Function to generate the sensitivity function. This function fits a bspline to the 2.5*log10(flux_std/flux_counts). The break points spacing, which determines the scale of variation of the sensitivity function is determined by the nresln parameter. This code can work in different regimes, but NOTE THAT TELLURIC MODE IS DEPRECATED, use telluric.sensfunc_telluric instead

Parameters:

• wave (numpy.ndarray) – Wavelength of the star. Shape (nspec,) or (nspec, norders)

• counts (numpy.ndarray) – Flux (in counts) of the star. Shape (nspec,) or (nspec, norders)

• counts_ivar (numpy.ndarray) – Inverse variance of the star counts. Shape (nspec,) or (nspec, norders)

• counts_mask (numpy.ndarray) – Good pixel mask for the counts. Shape (nspec,) or (nspec, norders)

• exptime (float) – Exposure time in seconds

• airmass (float) – Airmass

• std_spec (Spectrum) – Spectrum of the flux-calibration standard.

• atmext (AtmosphericExtinction) – Class that provides the interface to the atmospheric extinction data.

• ech_orders (int numpy.ndarray) – If passed the echelle orders will be added to the meta_table. ech_orders must be a numpy array of integers with the shape (norders,) giving the order numbers

• mask_hydrogen_lines (bool) – If True, mask stellar hydrogen absorption lines before fitting sensitivity function. Default = True

• mask_helium_lines (bool) – If True, mask stellar helium absorption lines before fitting sensitivity function. Default = False

• balm_mask_wid (float) – Parameter describing the width of the mask for or stellar absorption lines (i.e. mask_hydrogen_lines=True). A region equal to balm_mask_wid*resln is masked where resln is the estimate for the spectral resolution in pixels per resolution element.

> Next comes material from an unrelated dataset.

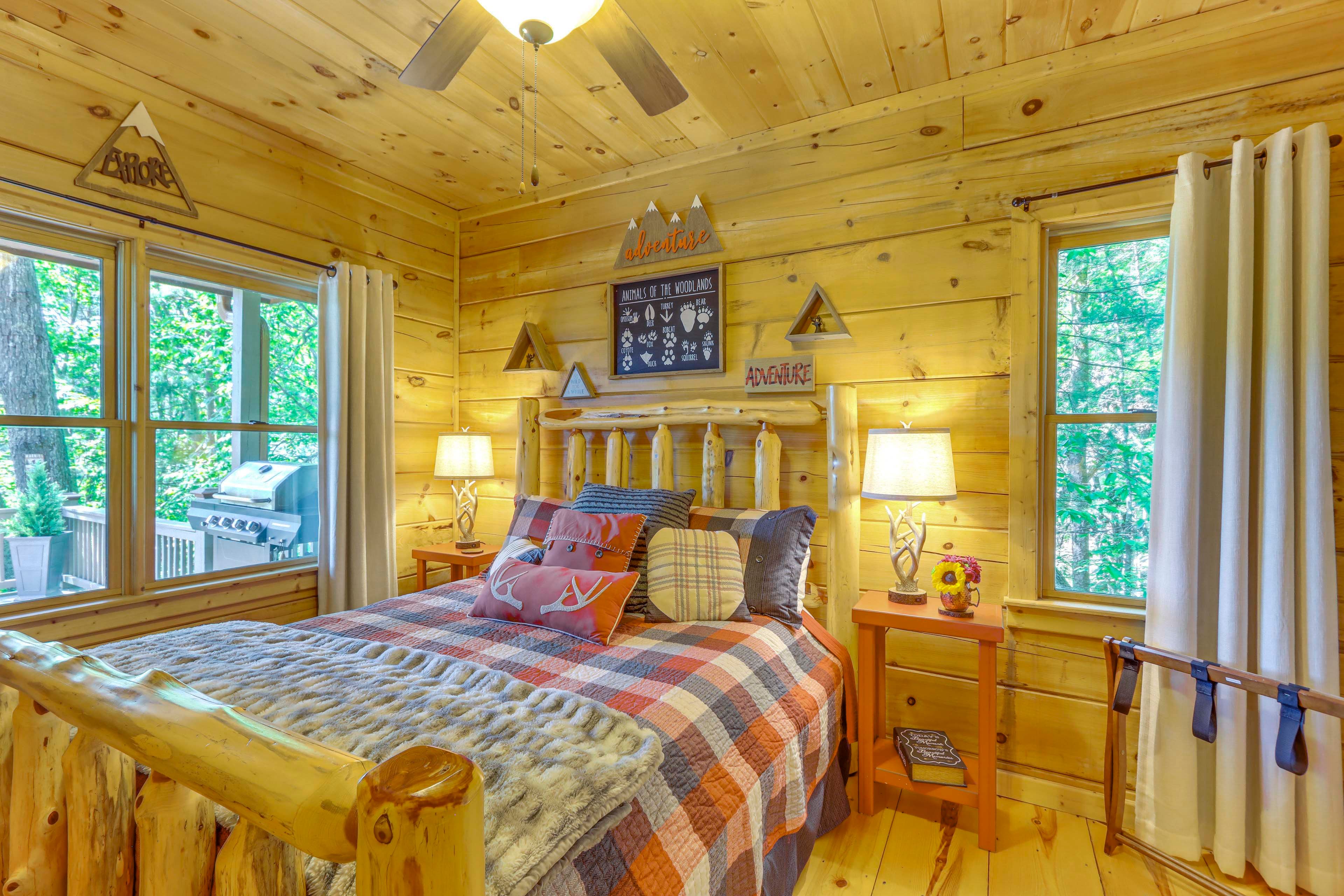 Bedroom 1 | Queen Bed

• polycorrect (bool) – Whether you want to interpolate the sensfunc with polynomial in the stellar absortion line regions before fitting with the bspline

• nresln (float) – Parameter governing the spacing of the bspline breakpoints. default = 20.0

• resolution (float) – Expected resolution of the standard star spectrum. This should probably be determined from the grating, but is currently hard wired. default=3000.0

• trans_thresh (float) – Parameter for selecting telluric regions which are masked. Locations below this transmission value are masked. If you have significant telluric absorption you should be using telluric.sensnfunc_telluric. default = 0.9

Returns:

Returns the following: - meta_table: astropy.table.Table Table containing meta data for the sensitivity function - out_table: astropy.table.Table Table containing the sensitivity function

Return type:

tuple

pypeit.core.flux_calib.standard_zeropoint(wave, Nlam, Nlam_ivar, Nlam_gpm, flam_true, mask_recomb=None, mask_tell=None, maxiter=35, upper=3.0, lower=3.0, func='polynomial', polyorder=5, balm_mask_wid=50.0, nresln=20.0, resolution=2700.0, polycorrect=True, debug=False, polyfunc=False)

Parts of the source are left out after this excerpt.